Gophish 0.12.1 Denial of Service via Office Document Upload

An authenticated attacker with the User role uploads a crafted Office document (.docx, .pptx, .xlsx) as an email template attachment. The file is a zip bomb — a small ZIP archive containing a single entry that decompresses to several gigabytes (e.g., 5 GB of null bytes). When the template is saved, GoPhish's `ApplyTemplate()` function in `models/attachment.go` opens the archive and calls `ioutil.ReadAll()` on each entry without checking the uncompressed size, causing the server to allocate memory for the full decompressed payload. This exhausts available system memory and the operating system terminates the GoPhish process, resulting in a complete denial of service [ref_id=1] [ref_id=2].

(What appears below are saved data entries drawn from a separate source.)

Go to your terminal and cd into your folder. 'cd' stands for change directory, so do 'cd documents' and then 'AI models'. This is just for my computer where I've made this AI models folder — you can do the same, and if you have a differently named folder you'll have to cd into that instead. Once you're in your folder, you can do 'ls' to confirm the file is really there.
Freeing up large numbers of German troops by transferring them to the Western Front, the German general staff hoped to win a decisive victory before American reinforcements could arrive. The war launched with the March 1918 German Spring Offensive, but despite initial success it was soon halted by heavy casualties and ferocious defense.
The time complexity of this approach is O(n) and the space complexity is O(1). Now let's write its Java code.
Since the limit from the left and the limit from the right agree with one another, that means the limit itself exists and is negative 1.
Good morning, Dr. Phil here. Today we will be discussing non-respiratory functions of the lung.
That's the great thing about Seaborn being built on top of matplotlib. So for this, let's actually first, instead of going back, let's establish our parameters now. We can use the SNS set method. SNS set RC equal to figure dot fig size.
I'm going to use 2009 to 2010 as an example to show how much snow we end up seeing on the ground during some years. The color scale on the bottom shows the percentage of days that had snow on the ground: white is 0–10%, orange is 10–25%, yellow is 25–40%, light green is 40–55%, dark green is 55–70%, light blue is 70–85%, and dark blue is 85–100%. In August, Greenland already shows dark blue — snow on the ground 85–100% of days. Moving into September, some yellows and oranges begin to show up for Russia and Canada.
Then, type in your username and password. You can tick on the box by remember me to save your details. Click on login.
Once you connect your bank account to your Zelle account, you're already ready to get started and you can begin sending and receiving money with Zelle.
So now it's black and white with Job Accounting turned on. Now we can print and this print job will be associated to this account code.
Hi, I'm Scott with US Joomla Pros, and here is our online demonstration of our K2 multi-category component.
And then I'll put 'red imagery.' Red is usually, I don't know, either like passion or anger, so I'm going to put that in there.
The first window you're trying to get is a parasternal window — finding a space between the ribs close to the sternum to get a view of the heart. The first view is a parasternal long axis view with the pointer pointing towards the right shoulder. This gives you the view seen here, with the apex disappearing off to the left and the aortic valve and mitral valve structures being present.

The advisory recommends never reading unbounded data from user-controlled archives. Before processing any ZIP entry, the application should validate both compressed and uncompressed sizes and reject files exceeding a predefined limit (e.g., 50 MB per entry). The fix replaces `ioutil.ReadAll()` with an `io.LimitedReader` that caps the read size; if the limit is reached, the attachment is rejected with an error. Additionally, tracking cumulative extracted size and limiting the total number of files processed within an archive would provide defense-in-depth against zip bombs [ref_id=1].

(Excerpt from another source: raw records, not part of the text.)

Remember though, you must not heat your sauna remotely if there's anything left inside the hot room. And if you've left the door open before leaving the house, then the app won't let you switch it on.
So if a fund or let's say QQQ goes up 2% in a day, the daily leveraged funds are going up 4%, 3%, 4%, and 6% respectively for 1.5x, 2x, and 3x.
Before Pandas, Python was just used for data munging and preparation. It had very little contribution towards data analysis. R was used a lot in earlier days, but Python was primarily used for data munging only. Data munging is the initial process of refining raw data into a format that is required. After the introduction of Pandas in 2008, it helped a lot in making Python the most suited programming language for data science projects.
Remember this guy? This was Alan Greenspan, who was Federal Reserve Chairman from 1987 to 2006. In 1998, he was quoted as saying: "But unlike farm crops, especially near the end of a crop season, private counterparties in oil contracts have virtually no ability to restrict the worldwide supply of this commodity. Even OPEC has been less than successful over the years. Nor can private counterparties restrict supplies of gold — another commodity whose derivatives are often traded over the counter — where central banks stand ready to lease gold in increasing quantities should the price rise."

1. Create a zip bomb: generate a 5 GB file of null bytes, compress it into a ZIP archive, and rename the archive to `exploit.docx` (see PoC Python script in [ref_id=1]). 2. Log in to the GoPhish administrative interface. 3. Navigate to **Email Templates** and create a new template. 4. Click **Add Files** and select the crafted `exploit.docx` file. 5. Save the email template. 6. Observe that memory consumption spikes to several gigabytes and the GoPhish process is terminated by the operating system.